Over the Labor Day weekend I decided to upgrade my HP Mini 110 netbook to Linux Mint 17. The Mini 110 can handle Windows 7, but Linux Mint doesn’t cost any money and I figure a Linux box is more useful to me than yet another Windows box. There are some things I do that are easier to accomplish in Linux than in Windows. Plus, I’m curious how my two young sons will react to Linux.

Linux Mint, if you’re not familiar with it, is a Ubuntu derivative that includes a lot of consumer-friendly features, like including drivers and codecs and other common software that aren’t completely open source. It’s not a Linux distribution for the Free Software purist, but having options is one of the nice things about Linux in 2014.

Linux Mint includes a lot of useful software, so once you get it installed, you’re up and running with a useful computer with minimal effort.

HP Mini 110 Linux Mint

The HP Mini 110 takes better to Linux Mint than it does to newer versions of Windows.

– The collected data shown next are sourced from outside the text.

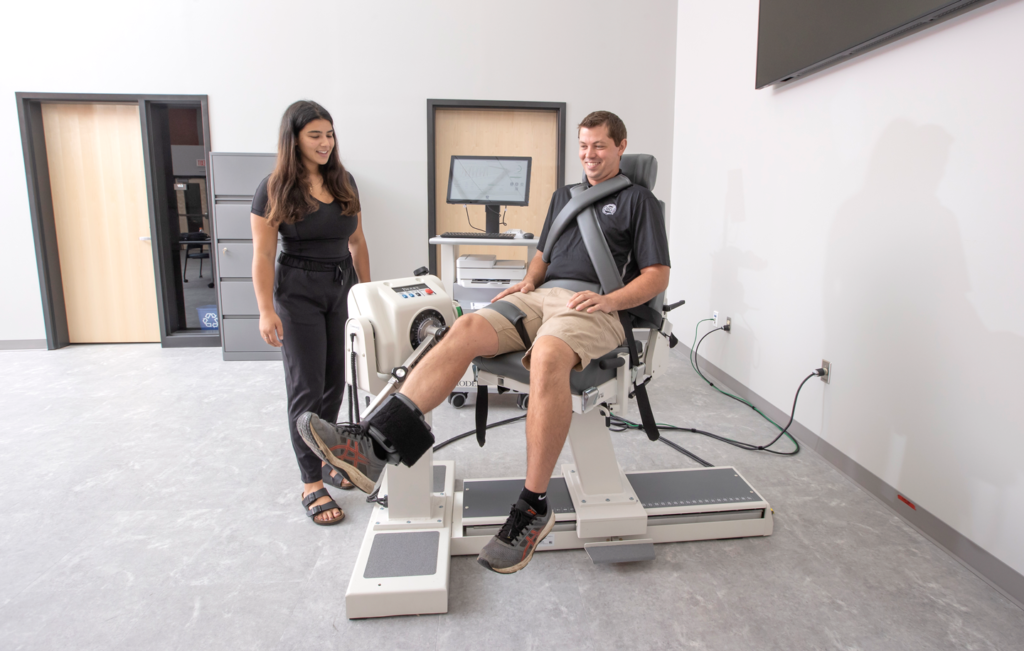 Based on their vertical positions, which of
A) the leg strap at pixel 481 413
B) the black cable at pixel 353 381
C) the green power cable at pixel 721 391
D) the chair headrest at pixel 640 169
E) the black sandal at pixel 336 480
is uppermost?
the chair headrest at pixel 640 169

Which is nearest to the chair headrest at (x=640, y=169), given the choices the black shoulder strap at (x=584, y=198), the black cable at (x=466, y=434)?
the black shoulder strap at (x=584, y=198)

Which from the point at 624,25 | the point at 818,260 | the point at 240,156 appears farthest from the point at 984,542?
the point at 240,156

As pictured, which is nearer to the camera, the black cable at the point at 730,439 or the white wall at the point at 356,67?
the black cable at the point at 730,439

Step 1: Download Linux Mint 17 XFCE from a nearby mirror from the following link:

I went with 32-bit since the Mini 110 is only expandable to 2 GB of RAM. Without 4 GB, there’s limited benefit in going 64 bit. XFCE is a very lightweight desktop environment, ideal for a limited machine like a first-generation Atom. While the ISO was downloading I copied my data off to another machine.

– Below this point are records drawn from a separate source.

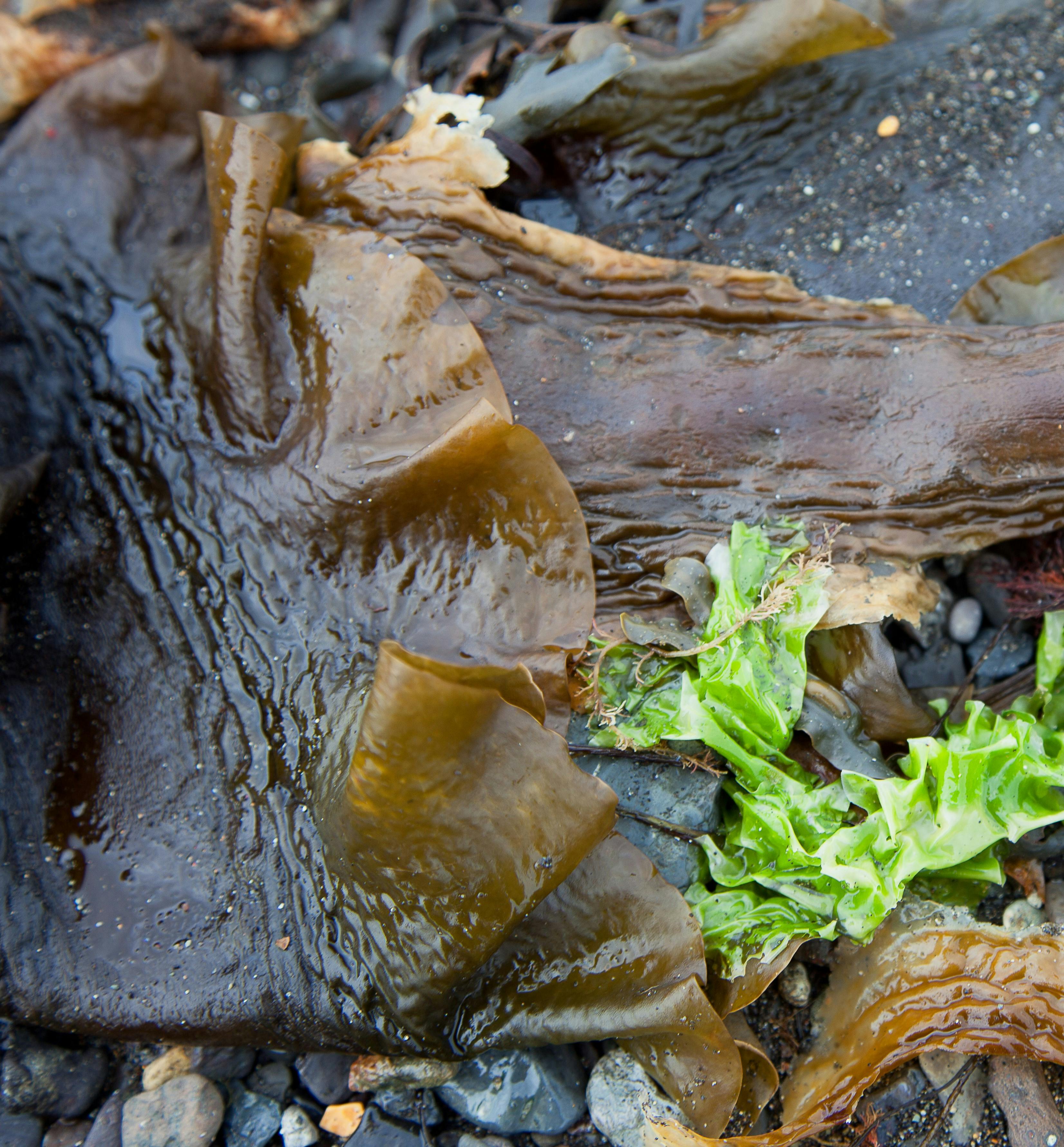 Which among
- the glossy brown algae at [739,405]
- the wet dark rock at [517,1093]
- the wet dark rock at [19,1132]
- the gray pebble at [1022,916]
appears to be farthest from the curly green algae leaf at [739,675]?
the wet dark rock at [19,1132]

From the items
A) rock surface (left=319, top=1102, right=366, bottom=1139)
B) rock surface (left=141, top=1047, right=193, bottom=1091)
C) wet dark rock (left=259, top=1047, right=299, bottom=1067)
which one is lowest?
rock surface (left=319, top=1102, right=366, bottom=1139)

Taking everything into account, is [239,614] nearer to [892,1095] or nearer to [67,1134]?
[67,1134]

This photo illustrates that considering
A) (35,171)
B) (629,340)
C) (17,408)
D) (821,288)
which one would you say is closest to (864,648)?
(629,340)

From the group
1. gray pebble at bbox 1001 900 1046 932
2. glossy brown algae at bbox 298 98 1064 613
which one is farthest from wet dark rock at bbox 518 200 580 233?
gray pebble at bbox 1001 900 1046 932

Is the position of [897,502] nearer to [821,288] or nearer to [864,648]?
[864,648]

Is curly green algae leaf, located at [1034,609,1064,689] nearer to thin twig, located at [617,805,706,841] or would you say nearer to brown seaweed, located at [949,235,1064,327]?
brown seaweed, located at [949,235,1064,327]

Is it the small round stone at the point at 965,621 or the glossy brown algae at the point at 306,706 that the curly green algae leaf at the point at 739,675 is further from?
the small round stone at the point at 965,621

Step 2: Write the ISO to a USB flash drive using the Universal USB Installer.

Step 3: Boot off USB.

Getting HP machines to boot off USB isn’t always straightforward as it could be, and the Mini 110 is no exception. Plug in your USB drive, reboot, mash on the F9 key until the blue boot menu comes up, then select your USB drive with the arrow keys and hit <Enter>.

Step 4: Install. The distribution boots to a functional live environment. It’s a little sluggish on the 110 and the proprietary wireless drivers aren’t there, but it gives you an opportunity to explore at least.

If you want to keep Windows XP on the machine and dual-boot, run GParted to shrink your Windows partition. Click the “LM” button on the lower left, then “System,” then “GParted.” Resize /dev/sda1 to make room for Linux Mint. I left about 4 GB free on the old Windows partition and left the rest free for Linux.

Double-click the icon that says “Install Linux Mint” to install it to your internal hard drive or SSD. Then just follow the prompts. It’s no harder than installing Windows. The installer will detect your Windows installation and set up dual booting for you.

Step 5: Configure. Log in. Plug the USB drive you used to install if you unplugged it previously. To get the drivers functional, click the “LM” button on the lower left, select “System,” then select “Driver Manager.” Click the radio button next to bcmwl-kernel-source underneath the Broadcom wireless adapter, then click “Apply Changes.” Wait a few seconds for the driver to install, and then you’ll be notified there are wireless networks available. That’s all you have to do; as far as I can tell all of the other hardware just works. Linux Mint even found my network printer automatically when I clicked on “LM” and navigated to “System,” then “Printers.”

Then I saw an application called “Simple Scan,” so I decided to get mean. I fired it up, plugged in my wife’s Canon scanner and hit “Scan.” It just worked. Sometimes Linux Mint can be more plug and play than Windows.

Linux Mint impresses me. It won’t turn a first-generation Atom into a Celeron, but it provides secure, low-effort computing on low-end hardware like my HP Mini 110. It’s no harder to use than Windows and in some ways it’s probably easier.